Cinémas Guzzo, a Montreal-based chain of movie theatres, may be little-known outside of its home province of Quebec. But over the course of its 40-plus-year history, the Guzzo-family owned company has helped shaped the Canadian movie business in unexpected ways.

Today, Guzzo Cinemas is comprised of 10 theatres across the Greater Montreal Area, making it the third-largest chain in Canada, with two more on the way next year. But it remains a fraction of the size of competitor Cineplex, which counted 165 theatres at the end of 2018 and which has expanded into adjacent businesses over the years – food service, esports, video gaming, digital media – to offset declining ticket sales. (Last week, Cineplex began seeking a strategic equity partner for World Gaming Network, its online e-sports platform, though it intends to keep a minority interest).

Yet CEO Vincenzo Guzzo, who was handed the company’s reins from his father, founder Angelo Guzzo, believes there’s room in Canada for both David and Goliath, as the company looks to expand outside of Quebec for the first time since its founding more than 40 years ago.

This time last year, the company announced plans to enter into Vancouver, Calgary and Red Deer, Alberta, markets that Guzzo says are not as “oversaturated” as those of its native Montreal. If the chain can make money in the more competitive Montreal area, Guzzo says he doesn’t see any reason it shouldn’t be able to steal share in Alberta and elsewhere.

Tape-cutting on new western locations was initially planned for December next year. But those plans have since been postponed, with a new timeline of December 2021, as it focuses more exclusively on Alberta and examines “other opportunities,” on which the CEO is currently unable to elaborate.

“We’ve always had the philosophy that we want to always build.
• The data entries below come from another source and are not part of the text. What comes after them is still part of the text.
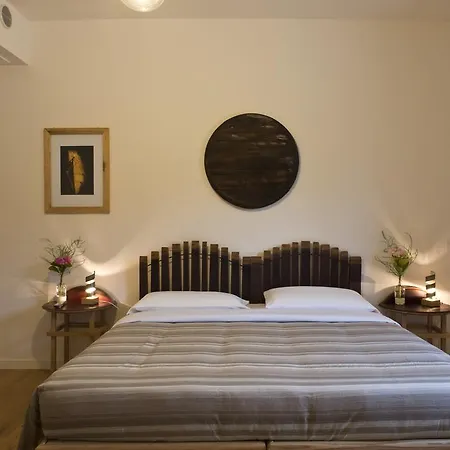 Cincinnato Wine Agroturismo *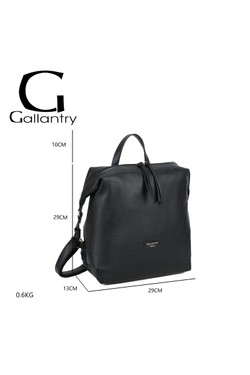JC-53007-NOIR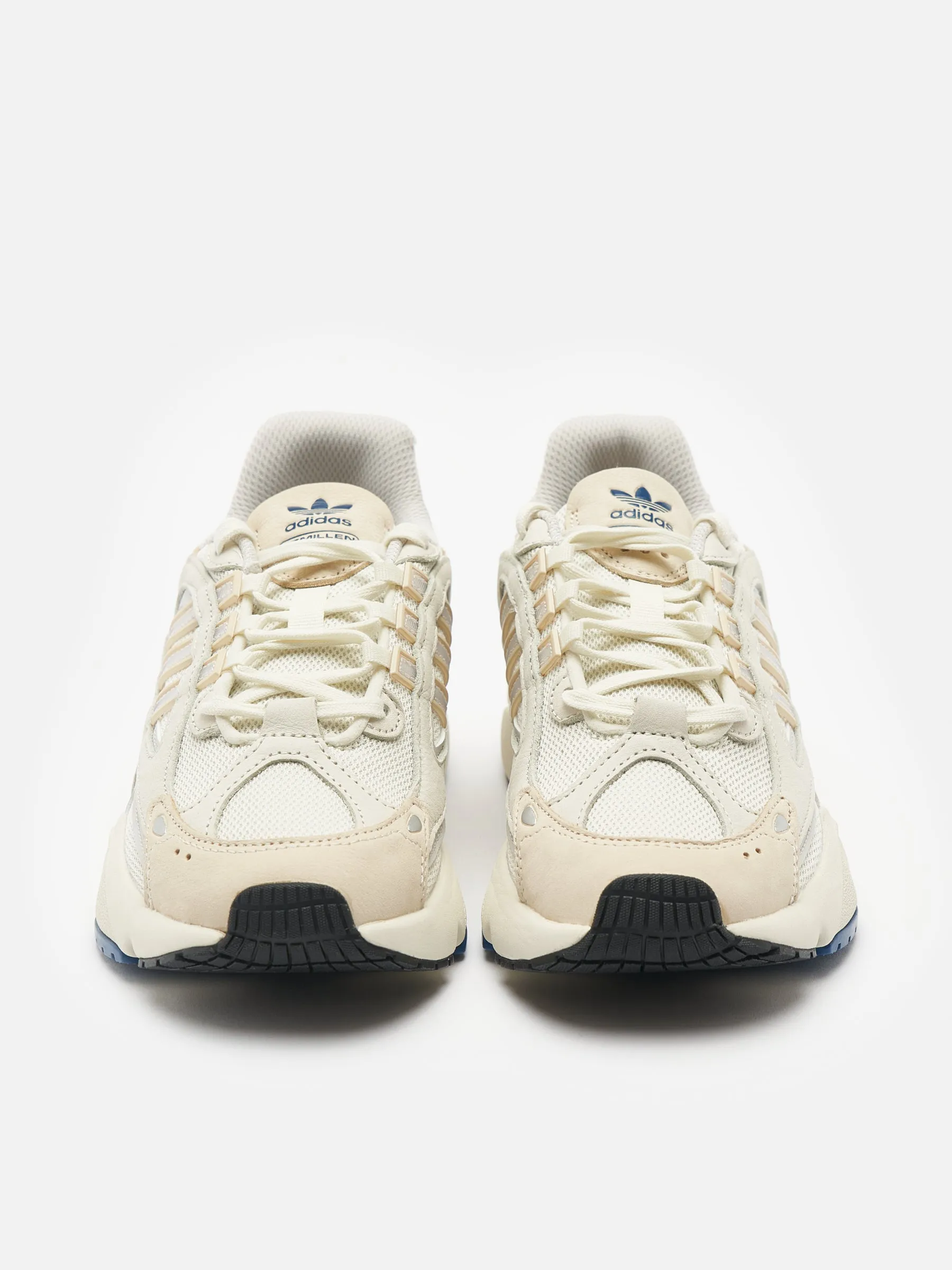 ADIDAS | OZMILLEN FOR WOMEN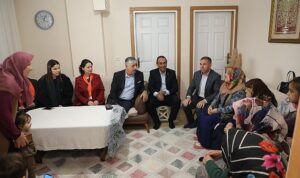 omeroglu-birlikte-kazanalim-QOnatEy8.jpg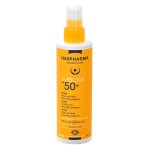 ISISPHARMA Uveblock Spray SPF50+ 200 ml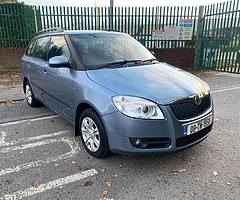 €950 - Image 10/10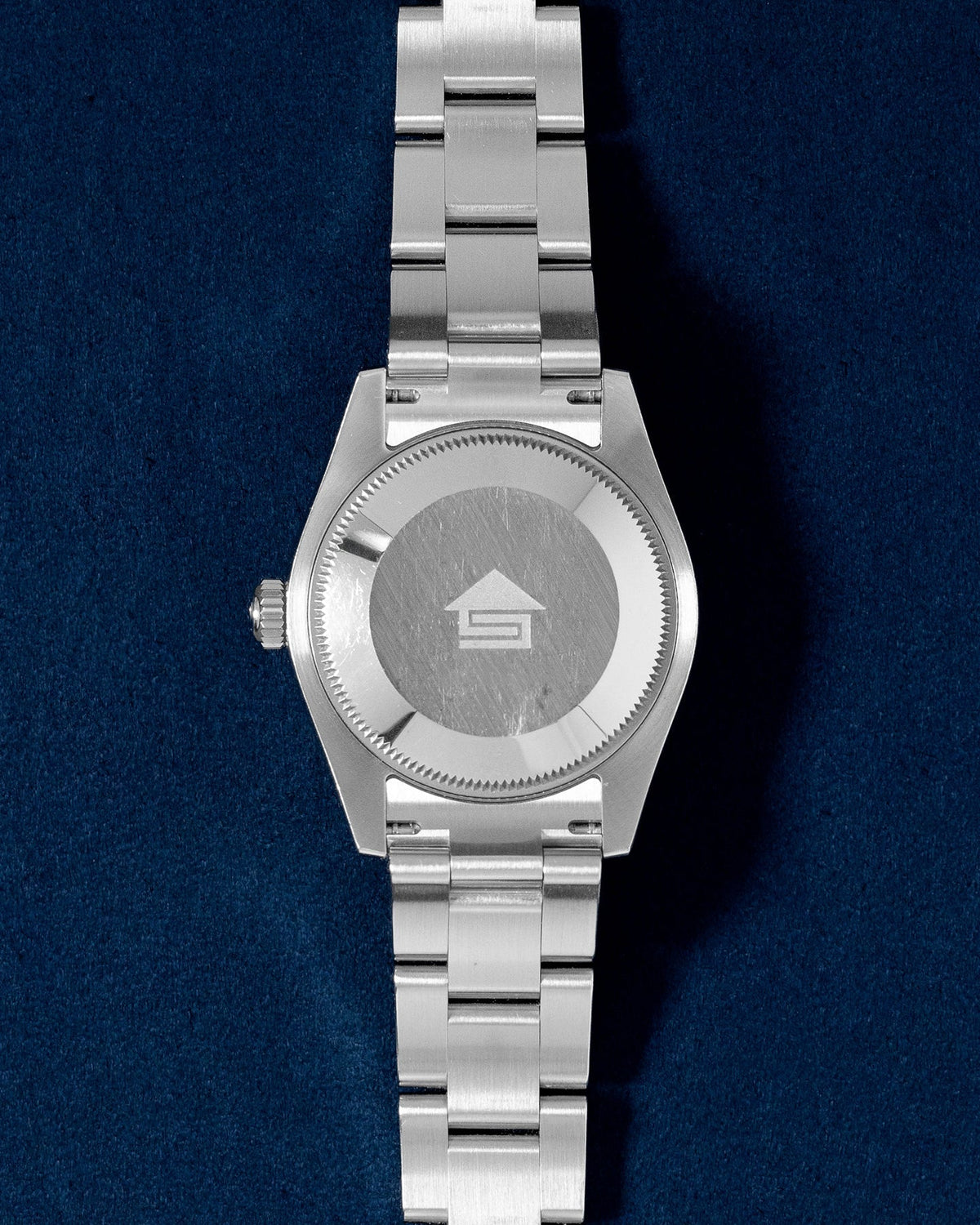 Rolex Datejust 278240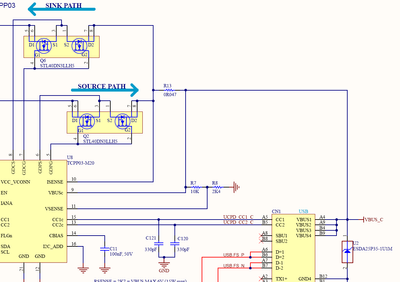 B-U585I-IOT02A_schematic.png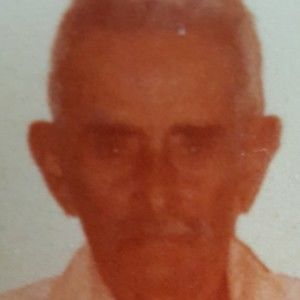 Meet your Posher, Hector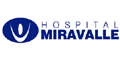Hospitales Sanatorios Y Clinicas-HOSPITAL-MIRAVALLE-en-tamaulipas-reynosa-encuentralos-en-Sección-Amarilla-BRO Hospitales Sanatorios Y Clinicas-HOSPITAL-MIRAVALLE-en-tamaulipas-reynosa-encuentralos-en-Sección-Amarilla-BRO
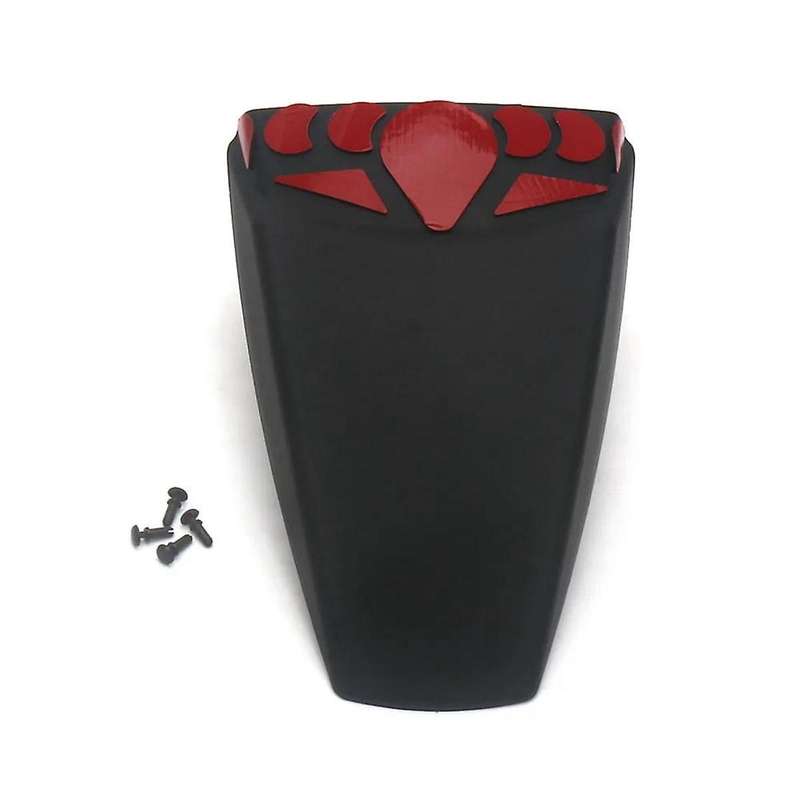 Motorcycle Accessories Front Mudguard Extension Engine Mud Guard for GSX-8S GSX8S GSX 8S GSX-8S 2023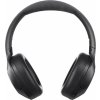 QCY H3 Lite, Bezdrôtové slúchadlá, čierna H3 lite black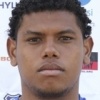 Jefferson Herrera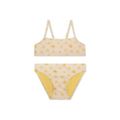 Bikiny s UPF 50+ Solmate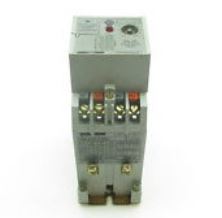 Allen Bradley 700-RT00N110A1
We didn’t want to buy old existing theatres, have to renovate them or shut them down,” he says. “But now, we actually have some opportunities that make so much sense, that it may actually be worth picking up screens here and there, then consolidating everything.”
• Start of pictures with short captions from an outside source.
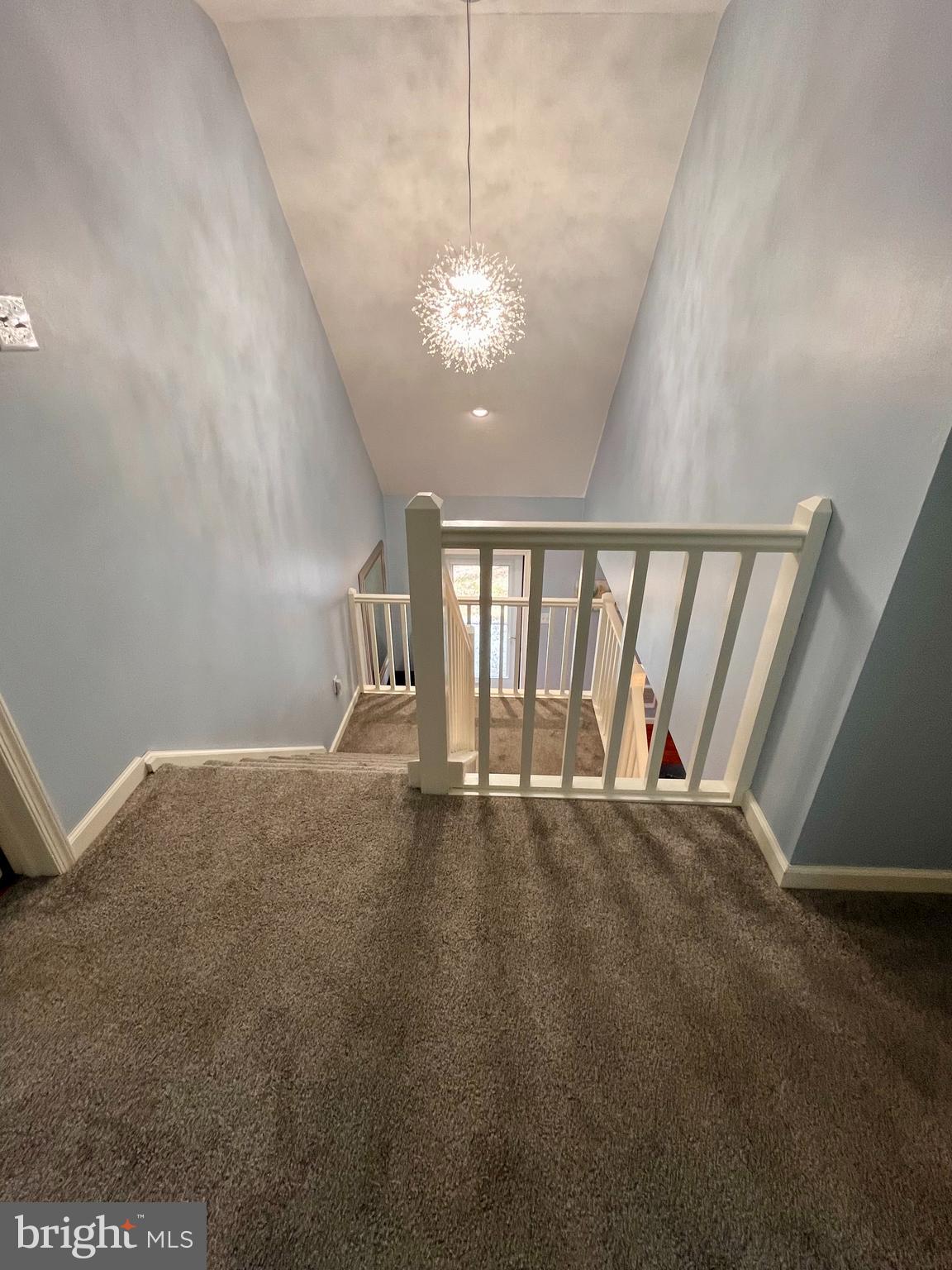 POCONO COUNTRY PLACE - Residential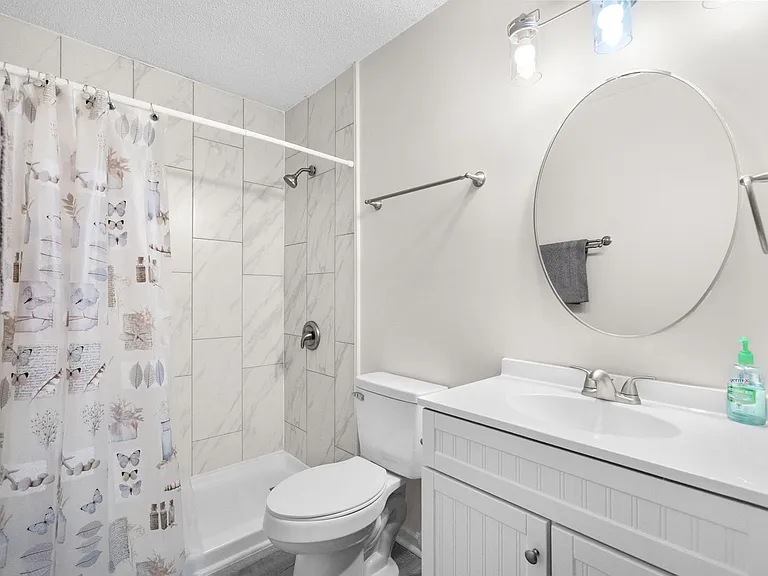1890 Auburn Ln #29E — Photo 25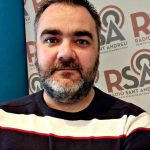 Carlos-Lara-METEOSAB 2018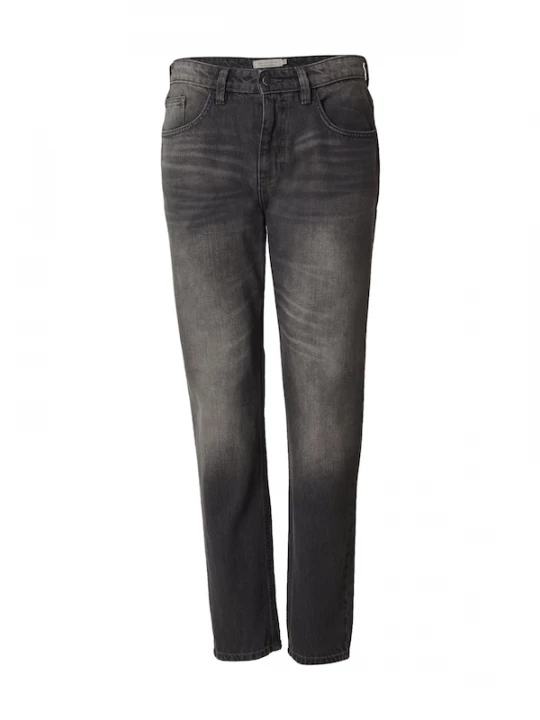 Foto van product Casual Friday Jeans 'CFKarup' donkergrijs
Whether the company builds new or not, its westward expansion comes at a difficult time for the industry, as movie attendance slips across North America. According to Statista, in 2018, ticket purchases totalled US$1.3 billion across the continent, up from $1.23 billion the year before. But sales have not exceeded $1.4 billion since 2009.

In spite of industry headwinds, Tom Cooper, an associate business professor at Memorial University in Newfoundland and a former consultant at PwC, says the expansion into western Canada makes sense, given what the company has been able to build in Quebec.

“Guzzo’s choice to enter the Alberta and western Canada has previously been driven by a strategy to target underserviced markets as well as broader exposure beyond the chain’s Quebec market. These strategies of targeting niche, underserviced markets as well as broaden exposure beyond a specific geographic segment make sense,” Cooper told strategy via email. “The question is whether the premiumization and experience that Guzzo is selling, in comparison to a consumer sitting on their couch and watching a movie on a streaming service, such as Netflix or via their cable provider, is enough to establish a viable business model.”

Another factor, says Kenneth Wong, a professor of marketing at Queen’s University’s Smith School of Business, is that given current “Wexit” sentiments, coming from Quebec may prove to be a disadvantage, unless it can find a way to cater to the region’s Francophones.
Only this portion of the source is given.